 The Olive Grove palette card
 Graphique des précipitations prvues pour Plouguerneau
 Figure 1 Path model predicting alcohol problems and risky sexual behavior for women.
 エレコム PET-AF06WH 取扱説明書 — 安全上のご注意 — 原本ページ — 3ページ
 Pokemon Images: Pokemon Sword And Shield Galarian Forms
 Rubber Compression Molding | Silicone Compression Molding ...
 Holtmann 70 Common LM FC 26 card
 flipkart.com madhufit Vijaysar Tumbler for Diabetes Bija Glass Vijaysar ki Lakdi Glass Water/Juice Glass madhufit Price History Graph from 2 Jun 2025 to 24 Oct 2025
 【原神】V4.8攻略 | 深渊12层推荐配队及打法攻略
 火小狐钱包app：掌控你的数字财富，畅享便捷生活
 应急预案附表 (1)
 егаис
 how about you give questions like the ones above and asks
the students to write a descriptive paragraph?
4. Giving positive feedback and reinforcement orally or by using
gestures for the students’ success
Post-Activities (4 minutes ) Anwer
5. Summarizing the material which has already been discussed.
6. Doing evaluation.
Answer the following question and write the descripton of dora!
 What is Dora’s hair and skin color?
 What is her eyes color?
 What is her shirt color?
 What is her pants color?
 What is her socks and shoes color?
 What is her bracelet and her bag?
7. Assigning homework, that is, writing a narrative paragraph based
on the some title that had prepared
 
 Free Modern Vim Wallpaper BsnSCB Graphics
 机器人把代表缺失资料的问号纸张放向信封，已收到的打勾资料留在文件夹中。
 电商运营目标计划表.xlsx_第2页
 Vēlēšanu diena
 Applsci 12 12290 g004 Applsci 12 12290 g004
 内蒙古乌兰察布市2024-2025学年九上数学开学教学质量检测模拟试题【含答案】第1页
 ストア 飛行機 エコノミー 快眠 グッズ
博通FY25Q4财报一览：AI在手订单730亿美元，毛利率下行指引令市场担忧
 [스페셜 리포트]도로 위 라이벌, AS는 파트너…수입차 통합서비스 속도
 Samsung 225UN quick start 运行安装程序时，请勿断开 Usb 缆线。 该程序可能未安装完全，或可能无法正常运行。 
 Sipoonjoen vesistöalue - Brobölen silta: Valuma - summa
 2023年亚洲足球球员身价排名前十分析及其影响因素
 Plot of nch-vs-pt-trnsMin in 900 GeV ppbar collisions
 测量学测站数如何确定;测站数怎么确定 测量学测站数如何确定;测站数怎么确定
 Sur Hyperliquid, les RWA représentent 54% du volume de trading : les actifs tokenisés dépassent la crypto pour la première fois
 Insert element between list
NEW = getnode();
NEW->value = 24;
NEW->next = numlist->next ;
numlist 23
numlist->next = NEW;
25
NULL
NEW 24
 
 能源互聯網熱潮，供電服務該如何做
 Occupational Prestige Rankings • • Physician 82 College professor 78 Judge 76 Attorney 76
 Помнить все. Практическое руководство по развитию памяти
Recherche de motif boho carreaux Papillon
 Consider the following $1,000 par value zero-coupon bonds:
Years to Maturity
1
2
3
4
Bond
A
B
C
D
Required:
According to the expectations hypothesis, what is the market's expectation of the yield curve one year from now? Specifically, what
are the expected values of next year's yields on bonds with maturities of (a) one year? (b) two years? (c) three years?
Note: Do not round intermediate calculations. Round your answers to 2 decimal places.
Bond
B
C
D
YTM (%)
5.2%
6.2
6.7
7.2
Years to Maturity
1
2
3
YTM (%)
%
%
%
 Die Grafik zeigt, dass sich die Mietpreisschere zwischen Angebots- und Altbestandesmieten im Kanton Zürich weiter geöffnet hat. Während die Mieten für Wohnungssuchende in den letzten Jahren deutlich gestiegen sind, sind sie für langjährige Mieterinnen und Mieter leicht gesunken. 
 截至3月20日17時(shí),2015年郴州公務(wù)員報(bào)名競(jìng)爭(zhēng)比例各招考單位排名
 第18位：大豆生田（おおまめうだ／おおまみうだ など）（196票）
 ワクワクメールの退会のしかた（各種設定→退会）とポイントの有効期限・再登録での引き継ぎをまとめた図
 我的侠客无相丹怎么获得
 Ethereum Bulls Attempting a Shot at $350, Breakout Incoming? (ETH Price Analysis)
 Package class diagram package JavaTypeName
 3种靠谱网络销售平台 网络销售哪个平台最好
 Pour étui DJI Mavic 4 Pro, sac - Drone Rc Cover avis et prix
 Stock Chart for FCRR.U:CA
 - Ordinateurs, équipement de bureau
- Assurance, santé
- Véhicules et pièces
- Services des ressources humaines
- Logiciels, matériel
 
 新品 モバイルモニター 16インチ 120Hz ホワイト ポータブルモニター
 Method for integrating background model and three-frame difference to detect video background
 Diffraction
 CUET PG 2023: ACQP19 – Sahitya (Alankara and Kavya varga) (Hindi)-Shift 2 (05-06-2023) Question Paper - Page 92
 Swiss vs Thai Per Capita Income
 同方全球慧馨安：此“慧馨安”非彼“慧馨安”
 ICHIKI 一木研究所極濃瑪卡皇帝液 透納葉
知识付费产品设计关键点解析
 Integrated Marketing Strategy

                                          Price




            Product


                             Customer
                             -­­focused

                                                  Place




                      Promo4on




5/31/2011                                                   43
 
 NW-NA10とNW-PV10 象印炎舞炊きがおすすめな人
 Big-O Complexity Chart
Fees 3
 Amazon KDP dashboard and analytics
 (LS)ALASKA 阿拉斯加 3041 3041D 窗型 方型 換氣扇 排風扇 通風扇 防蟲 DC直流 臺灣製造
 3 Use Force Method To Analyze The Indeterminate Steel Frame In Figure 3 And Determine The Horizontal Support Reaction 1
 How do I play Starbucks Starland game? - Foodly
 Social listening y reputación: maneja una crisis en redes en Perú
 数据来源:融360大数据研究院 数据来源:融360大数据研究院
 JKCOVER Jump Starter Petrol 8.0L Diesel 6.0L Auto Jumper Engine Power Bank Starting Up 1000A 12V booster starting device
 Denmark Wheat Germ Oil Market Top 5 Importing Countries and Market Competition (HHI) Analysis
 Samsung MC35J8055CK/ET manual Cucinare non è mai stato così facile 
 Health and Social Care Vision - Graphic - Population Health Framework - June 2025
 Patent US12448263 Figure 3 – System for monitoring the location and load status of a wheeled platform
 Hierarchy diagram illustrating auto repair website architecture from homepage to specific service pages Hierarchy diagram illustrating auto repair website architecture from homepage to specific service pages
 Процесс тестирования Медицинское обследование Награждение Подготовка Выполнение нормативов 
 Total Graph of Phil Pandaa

*What you have to do*. Copy the lines of the data above exactly as written, beginning with the line containing "我的侠客无相丹怎么获得" and ending with the line containing "Patent US12448263 Figure", and leave out all other lines.

*Written answer*.
 我的侠客无相丹怎么获得
 Ethereum Bulls Attempting a Shot at $350, Breakout Incoming? (ETH Price Analysis)
 Package class diagram package JavaTypeName
 3种靠谱网络销售平台 网络销售哪个平台最好
 Pour étui DJI Mavic 4 Pro, sac - Drone Rc Cover avis et prix
 Stock Chart for FCRR.U:CA
 - Ordinateurs, équipement de bureau
- Assurance, santé
- Véhicules et pièces
- Services des ressources humaines
- Logiciels, matériel
 
 新品 モバイルモニター 16インチ 120Hz ホワイト ポータブルモニター
 Method for integrating background model and three-frame difference to detect video background
 Diffraction
 CUET PG 2023: ACQP19 – Sahitya (Alankara and Kavya varga) (Hindi)-Shift 2 (05-06-2023) Question Paper - Page 92
 Swiss vs Thai Per Capita Income
 同方全球慧馨安：此“慧馨安”非彼“慧馨安”
 ICHIKI 一木研究所極濃瑪卡皇帝液 透納葉
知识付费产品设计关键点解析
 Integrated Marketing Strategy

                                          Price




            Product


                             Customer
                             -­­focused

                                                  Place




                      Promo4on




5/31/2011                                                   43
 
 NW-NA10とNW-PV10 象印炎舞炊きがおすすめな人
 Big-O Complexity Chart
Fees 3
 Amazon KDP dashboard and analytics
 (LS)ALASKA 阿拉斯加 3041 3041D 窗型 方型 換氣扇 排風扇 通風扇 防蟲 DC直流 臺灣製造
 3 Use Force Method To Analyze The Indeterminate Steel Frame In Figure 3 And Determine The Horizontal Support Reaction 1
 How do I play Starbucks Starland game? - Foodly
 Social listening y reputación: maneja una crisis en redes en Perú
 数据来源:融360大数据研究院 数据来源:融360大数据研究院
 JKCOVER Jump Starter Petrol 8.0L Diesel 6.0L Auto Jumper Engine Power Bank Starting Up 1000A 12V booster starting device
 Denmark Wheat Germ Oil Market Top 5 Importing Countries and Market Competition (HHI) Analysis
 Samsung MC35J8055CK/ET manual Cucinare non è mai stato così facile 
 Health and Social Care Vision - Graphic - Population Health Framework - June 2025
 Patent US12448263 Figure 3 – System for monitoring the location and load status of a wheeled platform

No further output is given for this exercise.